### RECORDS SHOWN
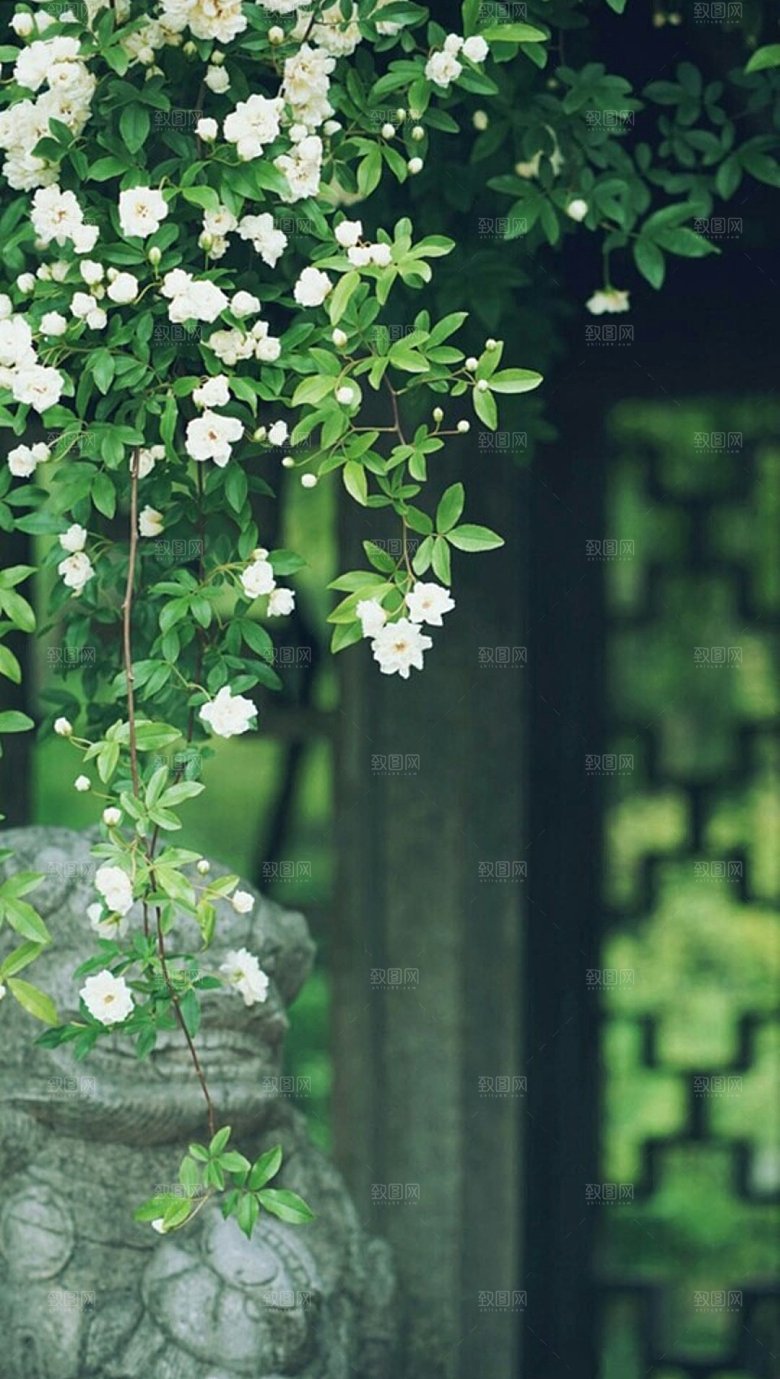 绿色自然风景绿茵森林植物摄影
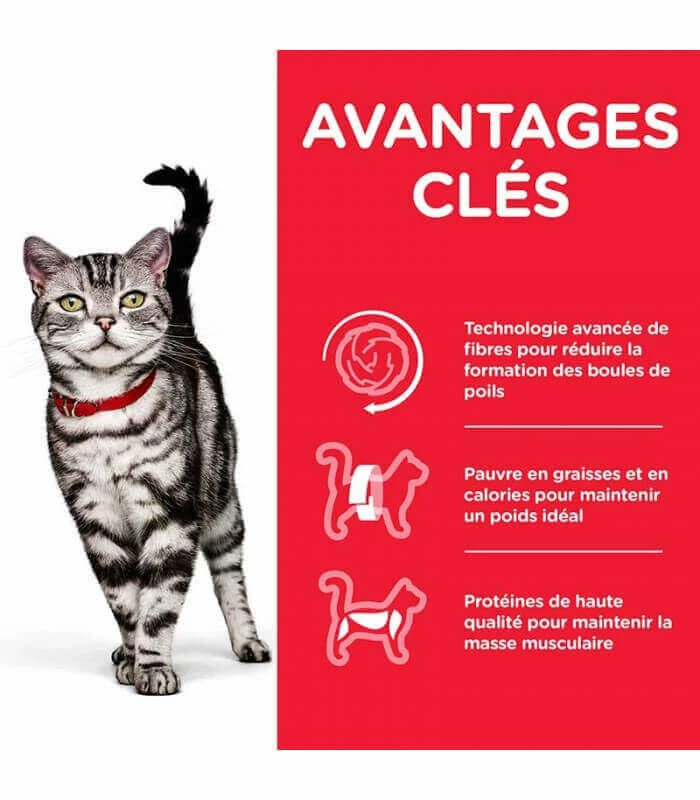 HILL'S Pet Nutrition Croquettes ADULT HAIRBALL INDOOR POULET Chat Sac 1.5 Kg - Science Plan 5 HILL'S Pet Nutrition Croquettes ADULT HAIRBALL INDOOR POULET Chat Sac 1.5 Kg - Science Plan – Image 3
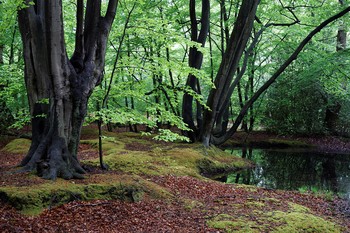 Epping Forest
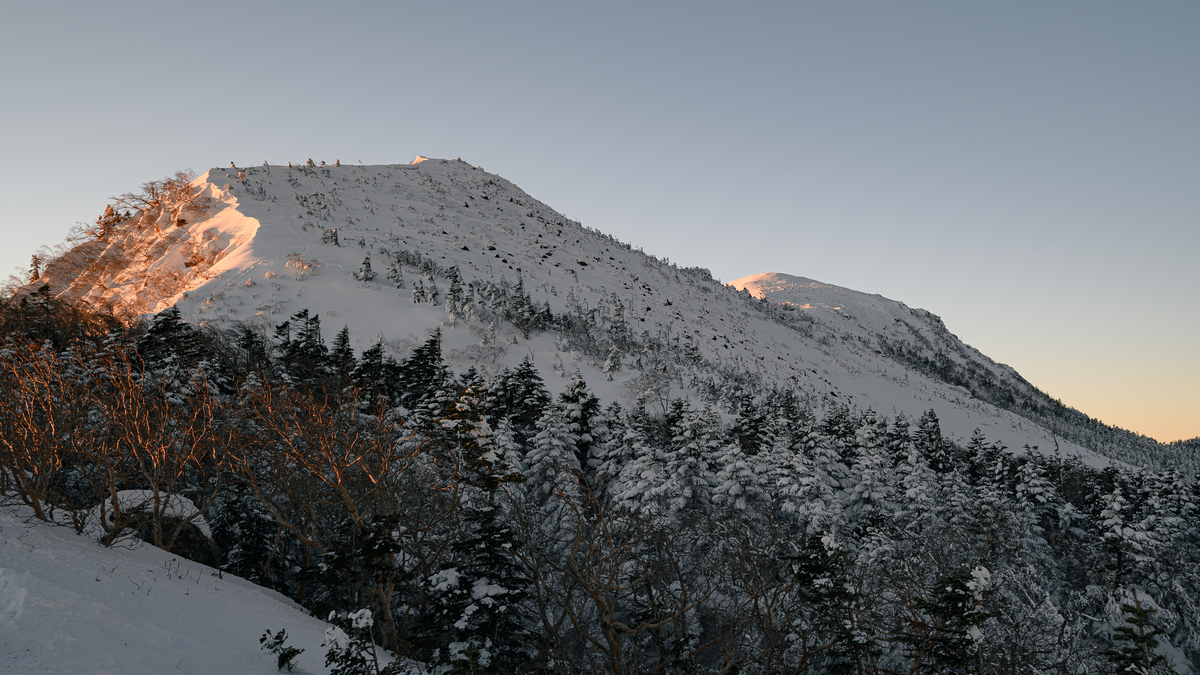 f:id:daitai_Iro:20220203222200j:plain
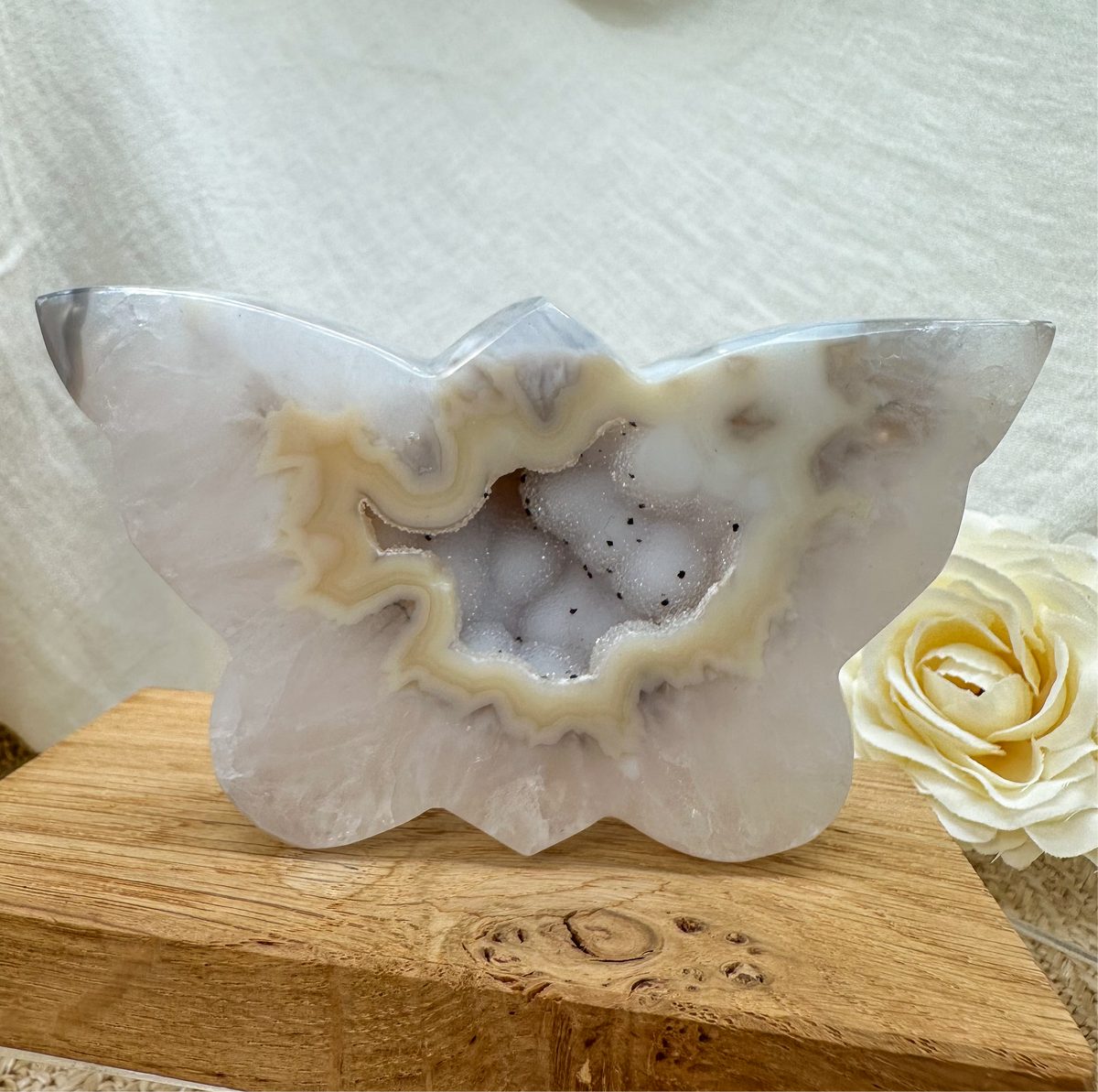 funkelnder Druzy Achat Schmetterling
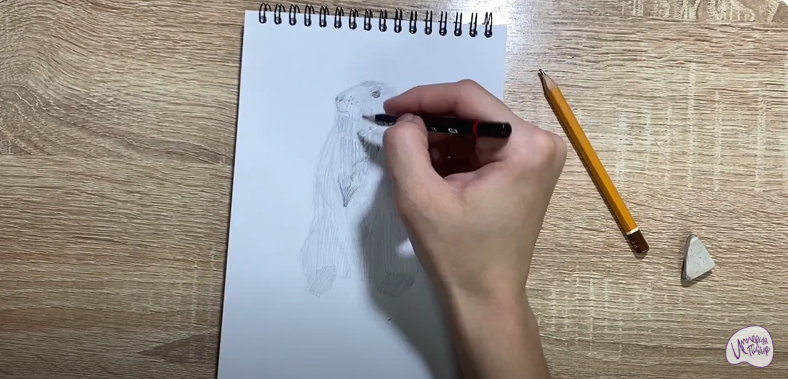 Рисуем Суслик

### TASK GOAL
Using the data above, write out every line exactly, leaving the images behind.

### ANSWER AREA
 绿色自然风景绿茵森林植物摄影
 HILL'S Pet Nutrition Croquettes ADULT HAIRBALL INDOOR POULET Chat Sac 1.5 Kg - Science Plan 5 HILL'S Pet Nutrition Croquettes ADULT HAIRBALL INDOOR POULET Chat Sac 1.5 Kg - Science Plan – Image 3
 Epping Forest
 f:id:daitai_Iro:20220203222200j:plain
 funkelnder Druzy Achat Schmetterling
 Рисуем Суслик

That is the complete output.